Treatments: Treatments are materials written with an eventual screenplay in mind. When a filmmaker finds a treatment to develop, he or she will option the treatment and acquire its rights as is done for a screenplay. Even if the screenplay eventually only vaguely resembles the treatment, the underlying property must be acquired. This is how a chain-of-title is developed for a screenplay.

Screenplays: A Screenplay will be the material that the producer and director work from in producing the film. Screenplays must be optioned and acquired from the writer before a film can be produced from it (see below). Typically the original screenplay submitted will be altered substantially before and during production. The filmmaker may or may not arrange for the screenwriter to be a part of these alterations.

ACQUIRING THE SCREENPLAY

Options and Extensions: If a filmmaker seeks to acquire a spec script, as opposed to hiring a writer to compose a screenplay to certain specifications, the work may be optioned. An option is literally an agreement to agree. The screenwriter agrees that for a certain price, he will give the filmmaker the exclusive option to purchase the screenplay, at a designated price, sometime in the future. The filmmaker is not bound to ever make the film or buy the rights; he simply acquires the right to do so later.

During the option period time, the screenwriter refrains from exploiting the screenplay in anyway. At the end of an option period the filmmaker may have negotiated for the right to extend the term of the option for a period of time for an additional payment. The filmmaker is free to exercise this extension or to let the option expire. When the option expires, all rights in the film remain with the screenwriter and the filmmaker has no further interest. At the expiration of an extension, the filmmaker may negotiate for yet another extension.

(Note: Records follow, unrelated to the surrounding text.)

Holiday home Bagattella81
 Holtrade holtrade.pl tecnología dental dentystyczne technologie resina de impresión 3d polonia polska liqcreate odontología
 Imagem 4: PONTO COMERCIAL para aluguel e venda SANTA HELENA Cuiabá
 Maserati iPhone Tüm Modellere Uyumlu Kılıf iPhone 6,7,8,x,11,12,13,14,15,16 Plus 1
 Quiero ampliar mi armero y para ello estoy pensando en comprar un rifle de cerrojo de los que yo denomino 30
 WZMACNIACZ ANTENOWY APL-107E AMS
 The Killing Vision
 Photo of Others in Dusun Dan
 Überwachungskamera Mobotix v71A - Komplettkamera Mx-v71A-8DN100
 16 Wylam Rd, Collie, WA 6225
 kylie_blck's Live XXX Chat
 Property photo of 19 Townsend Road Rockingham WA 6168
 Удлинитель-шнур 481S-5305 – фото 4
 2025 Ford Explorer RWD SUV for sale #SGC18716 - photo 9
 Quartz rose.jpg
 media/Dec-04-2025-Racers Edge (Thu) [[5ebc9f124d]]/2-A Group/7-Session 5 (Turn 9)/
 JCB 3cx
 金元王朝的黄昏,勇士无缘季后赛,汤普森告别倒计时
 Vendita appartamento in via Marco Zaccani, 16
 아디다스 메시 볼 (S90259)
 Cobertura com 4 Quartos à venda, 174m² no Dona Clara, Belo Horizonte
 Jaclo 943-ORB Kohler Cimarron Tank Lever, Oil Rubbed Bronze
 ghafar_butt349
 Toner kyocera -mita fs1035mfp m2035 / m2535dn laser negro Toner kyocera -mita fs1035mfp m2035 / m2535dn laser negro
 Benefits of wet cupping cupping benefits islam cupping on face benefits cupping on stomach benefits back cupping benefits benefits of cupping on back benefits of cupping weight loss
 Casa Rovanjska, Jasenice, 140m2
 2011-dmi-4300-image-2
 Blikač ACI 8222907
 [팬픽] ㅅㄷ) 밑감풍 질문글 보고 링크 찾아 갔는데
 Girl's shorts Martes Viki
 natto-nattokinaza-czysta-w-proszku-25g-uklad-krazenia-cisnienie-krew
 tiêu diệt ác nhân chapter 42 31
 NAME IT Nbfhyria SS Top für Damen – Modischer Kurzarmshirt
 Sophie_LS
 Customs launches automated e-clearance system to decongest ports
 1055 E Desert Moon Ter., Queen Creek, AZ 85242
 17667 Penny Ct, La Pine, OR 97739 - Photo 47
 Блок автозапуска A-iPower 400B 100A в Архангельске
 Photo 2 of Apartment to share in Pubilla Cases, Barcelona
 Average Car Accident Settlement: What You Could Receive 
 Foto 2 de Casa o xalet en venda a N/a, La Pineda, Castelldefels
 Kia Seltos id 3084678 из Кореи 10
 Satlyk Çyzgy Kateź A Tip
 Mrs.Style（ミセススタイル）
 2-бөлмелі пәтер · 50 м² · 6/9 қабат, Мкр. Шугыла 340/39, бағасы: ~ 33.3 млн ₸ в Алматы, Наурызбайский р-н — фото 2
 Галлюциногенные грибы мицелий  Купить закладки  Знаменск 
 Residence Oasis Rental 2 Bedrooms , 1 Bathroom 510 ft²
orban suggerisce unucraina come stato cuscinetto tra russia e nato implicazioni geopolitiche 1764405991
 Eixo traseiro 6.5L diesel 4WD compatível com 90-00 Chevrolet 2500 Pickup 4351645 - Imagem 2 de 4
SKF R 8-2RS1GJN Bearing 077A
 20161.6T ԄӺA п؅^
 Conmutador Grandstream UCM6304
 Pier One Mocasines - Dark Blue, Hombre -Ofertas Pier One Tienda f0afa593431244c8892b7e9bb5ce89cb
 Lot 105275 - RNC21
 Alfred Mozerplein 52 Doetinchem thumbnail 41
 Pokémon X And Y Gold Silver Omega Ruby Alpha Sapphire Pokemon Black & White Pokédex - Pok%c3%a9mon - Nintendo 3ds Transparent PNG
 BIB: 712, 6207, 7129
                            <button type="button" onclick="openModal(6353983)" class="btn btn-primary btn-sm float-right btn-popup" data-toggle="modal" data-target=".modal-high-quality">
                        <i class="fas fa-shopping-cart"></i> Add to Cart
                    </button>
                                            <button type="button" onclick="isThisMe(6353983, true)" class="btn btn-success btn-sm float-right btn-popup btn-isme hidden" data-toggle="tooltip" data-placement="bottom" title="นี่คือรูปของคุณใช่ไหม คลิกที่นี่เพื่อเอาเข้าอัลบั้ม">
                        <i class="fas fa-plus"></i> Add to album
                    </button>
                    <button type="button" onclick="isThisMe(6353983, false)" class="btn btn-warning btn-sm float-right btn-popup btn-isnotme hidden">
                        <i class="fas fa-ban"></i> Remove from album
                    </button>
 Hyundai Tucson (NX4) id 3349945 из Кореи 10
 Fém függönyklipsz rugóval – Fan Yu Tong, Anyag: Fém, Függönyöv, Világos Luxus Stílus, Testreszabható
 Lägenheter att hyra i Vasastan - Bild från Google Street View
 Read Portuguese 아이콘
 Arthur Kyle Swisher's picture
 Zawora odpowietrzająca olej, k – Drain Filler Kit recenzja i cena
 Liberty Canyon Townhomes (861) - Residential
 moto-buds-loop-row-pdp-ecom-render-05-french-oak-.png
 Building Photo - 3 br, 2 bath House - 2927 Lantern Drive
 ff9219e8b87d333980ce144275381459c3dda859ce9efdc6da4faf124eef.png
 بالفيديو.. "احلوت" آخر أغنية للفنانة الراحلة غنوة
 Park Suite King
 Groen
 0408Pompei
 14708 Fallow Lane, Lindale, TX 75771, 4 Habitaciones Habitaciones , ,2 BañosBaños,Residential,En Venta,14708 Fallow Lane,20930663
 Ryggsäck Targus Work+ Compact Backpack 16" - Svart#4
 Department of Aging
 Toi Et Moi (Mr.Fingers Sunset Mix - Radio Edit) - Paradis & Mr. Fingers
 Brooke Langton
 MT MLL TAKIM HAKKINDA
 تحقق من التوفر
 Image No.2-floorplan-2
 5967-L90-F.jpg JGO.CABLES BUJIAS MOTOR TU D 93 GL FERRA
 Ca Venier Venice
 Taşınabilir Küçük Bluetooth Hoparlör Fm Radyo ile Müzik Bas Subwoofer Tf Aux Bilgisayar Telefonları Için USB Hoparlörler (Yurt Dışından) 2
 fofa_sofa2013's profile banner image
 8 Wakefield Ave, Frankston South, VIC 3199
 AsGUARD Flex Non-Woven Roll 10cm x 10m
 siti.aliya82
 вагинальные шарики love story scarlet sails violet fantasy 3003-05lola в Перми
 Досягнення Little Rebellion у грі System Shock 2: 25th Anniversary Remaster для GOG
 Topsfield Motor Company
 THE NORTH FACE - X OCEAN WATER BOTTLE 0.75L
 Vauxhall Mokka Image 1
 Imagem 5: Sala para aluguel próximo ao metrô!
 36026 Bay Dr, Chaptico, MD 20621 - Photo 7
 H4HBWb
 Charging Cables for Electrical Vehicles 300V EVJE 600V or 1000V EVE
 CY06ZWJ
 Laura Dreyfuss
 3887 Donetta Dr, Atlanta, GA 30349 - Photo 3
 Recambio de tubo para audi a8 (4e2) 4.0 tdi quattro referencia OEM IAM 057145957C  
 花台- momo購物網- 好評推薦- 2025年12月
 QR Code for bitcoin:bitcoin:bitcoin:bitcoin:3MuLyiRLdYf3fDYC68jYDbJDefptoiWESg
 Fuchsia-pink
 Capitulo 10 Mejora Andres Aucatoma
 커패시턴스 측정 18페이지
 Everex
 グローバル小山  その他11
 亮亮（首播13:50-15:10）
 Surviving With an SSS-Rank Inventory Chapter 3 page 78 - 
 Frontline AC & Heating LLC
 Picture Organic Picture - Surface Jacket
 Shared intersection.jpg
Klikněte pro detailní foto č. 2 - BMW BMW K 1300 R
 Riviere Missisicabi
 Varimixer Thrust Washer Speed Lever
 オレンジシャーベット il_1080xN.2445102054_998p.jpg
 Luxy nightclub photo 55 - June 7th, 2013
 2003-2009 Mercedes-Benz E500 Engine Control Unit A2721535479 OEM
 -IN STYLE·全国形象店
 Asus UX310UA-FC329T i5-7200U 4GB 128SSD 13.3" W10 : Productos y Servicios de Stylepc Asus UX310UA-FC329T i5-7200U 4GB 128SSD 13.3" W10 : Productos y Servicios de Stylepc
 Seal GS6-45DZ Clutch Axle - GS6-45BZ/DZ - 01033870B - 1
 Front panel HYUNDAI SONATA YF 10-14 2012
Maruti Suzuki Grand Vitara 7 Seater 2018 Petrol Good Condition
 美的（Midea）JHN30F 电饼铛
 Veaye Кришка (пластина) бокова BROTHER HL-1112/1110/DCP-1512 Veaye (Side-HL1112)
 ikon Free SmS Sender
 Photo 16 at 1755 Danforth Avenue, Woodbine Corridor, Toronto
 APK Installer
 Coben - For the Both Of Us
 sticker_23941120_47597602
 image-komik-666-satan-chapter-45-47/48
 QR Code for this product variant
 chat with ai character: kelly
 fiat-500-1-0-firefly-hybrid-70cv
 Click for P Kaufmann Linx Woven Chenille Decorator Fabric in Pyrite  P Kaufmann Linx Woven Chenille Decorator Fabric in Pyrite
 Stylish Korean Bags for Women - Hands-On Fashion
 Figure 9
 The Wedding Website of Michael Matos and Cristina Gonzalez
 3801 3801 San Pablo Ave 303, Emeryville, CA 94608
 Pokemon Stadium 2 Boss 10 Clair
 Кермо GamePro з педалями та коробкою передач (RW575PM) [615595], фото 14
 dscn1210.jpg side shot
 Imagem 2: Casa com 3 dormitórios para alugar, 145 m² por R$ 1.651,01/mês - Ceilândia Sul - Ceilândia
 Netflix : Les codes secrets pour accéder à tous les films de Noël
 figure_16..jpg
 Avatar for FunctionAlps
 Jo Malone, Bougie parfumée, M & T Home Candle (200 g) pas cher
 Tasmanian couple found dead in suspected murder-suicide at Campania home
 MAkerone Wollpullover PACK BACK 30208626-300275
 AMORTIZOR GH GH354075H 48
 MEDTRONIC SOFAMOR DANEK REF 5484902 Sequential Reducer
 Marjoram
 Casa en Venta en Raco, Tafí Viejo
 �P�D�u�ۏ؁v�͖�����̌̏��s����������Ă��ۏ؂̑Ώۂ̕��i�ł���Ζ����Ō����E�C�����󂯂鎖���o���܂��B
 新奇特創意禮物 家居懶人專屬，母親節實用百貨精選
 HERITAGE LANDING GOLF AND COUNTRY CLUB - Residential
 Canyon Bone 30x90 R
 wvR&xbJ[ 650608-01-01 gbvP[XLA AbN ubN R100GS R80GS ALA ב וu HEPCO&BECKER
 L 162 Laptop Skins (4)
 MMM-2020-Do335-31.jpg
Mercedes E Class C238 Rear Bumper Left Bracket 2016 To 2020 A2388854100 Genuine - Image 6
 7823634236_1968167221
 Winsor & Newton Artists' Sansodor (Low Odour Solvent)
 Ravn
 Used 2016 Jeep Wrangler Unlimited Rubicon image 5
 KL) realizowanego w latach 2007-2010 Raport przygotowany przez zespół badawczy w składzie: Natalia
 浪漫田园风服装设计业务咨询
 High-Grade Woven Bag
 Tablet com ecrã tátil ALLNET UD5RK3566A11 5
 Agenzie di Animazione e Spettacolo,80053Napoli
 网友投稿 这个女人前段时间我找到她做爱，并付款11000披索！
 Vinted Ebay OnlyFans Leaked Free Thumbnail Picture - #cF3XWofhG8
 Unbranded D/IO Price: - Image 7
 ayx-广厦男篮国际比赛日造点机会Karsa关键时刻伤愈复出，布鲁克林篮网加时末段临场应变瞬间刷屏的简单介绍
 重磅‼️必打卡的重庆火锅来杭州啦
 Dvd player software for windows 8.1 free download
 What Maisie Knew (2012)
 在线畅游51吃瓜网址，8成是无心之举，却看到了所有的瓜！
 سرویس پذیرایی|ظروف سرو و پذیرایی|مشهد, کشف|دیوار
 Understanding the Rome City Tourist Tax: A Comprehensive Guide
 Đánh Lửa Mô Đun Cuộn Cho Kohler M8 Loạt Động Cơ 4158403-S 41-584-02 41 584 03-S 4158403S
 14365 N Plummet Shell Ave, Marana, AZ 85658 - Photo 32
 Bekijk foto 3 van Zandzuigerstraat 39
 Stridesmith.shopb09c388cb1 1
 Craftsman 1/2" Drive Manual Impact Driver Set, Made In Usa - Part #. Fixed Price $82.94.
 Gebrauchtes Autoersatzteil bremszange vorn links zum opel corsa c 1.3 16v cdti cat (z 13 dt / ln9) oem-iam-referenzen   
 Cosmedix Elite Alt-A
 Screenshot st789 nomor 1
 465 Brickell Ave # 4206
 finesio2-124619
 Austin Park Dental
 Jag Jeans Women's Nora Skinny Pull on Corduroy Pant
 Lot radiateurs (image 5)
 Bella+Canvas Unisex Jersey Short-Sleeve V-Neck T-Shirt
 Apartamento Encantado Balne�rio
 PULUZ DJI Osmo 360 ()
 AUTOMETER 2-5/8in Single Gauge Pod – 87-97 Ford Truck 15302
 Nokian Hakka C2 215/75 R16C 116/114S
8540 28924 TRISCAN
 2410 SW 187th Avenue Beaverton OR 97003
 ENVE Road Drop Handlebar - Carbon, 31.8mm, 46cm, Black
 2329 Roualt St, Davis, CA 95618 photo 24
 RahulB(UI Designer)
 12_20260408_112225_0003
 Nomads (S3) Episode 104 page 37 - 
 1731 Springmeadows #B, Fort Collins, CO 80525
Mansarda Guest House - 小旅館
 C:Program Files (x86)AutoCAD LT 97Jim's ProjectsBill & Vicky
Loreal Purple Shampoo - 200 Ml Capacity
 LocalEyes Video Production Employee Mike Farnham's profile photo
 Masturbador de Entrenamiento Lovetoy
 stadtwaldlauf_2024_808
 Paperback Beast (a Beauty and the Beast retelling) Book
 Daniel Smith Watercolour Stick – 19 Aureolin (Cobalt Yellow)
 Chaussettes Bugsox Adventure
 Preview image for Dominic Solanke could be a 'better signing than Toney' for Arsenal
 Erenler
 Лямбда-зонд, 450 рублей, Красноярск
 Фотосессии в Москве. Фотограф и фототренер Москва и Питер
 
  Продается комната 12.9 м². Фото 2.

Acquisition of Rights: At anytime during the option or an applicable extension period, the filmmaker has the right to purchase the screenplay at a previously designated price. If the filmmaker decides to acquire the rights, all of the rights negotiated in the option contract will transfer to the filmmaker. The filmmaker may decide to produce the screenplay, or, depending on the contract language, even assign, or sell, the screenplay to a third party.

The filmmaker may also have negotiated to acquire the screenwriter’s services, either for drafting revisions, or for consulting purposes during the production of the film. Screenplay revisions may include a second draft, a final draft, and a polish, which is a revision of a final draft.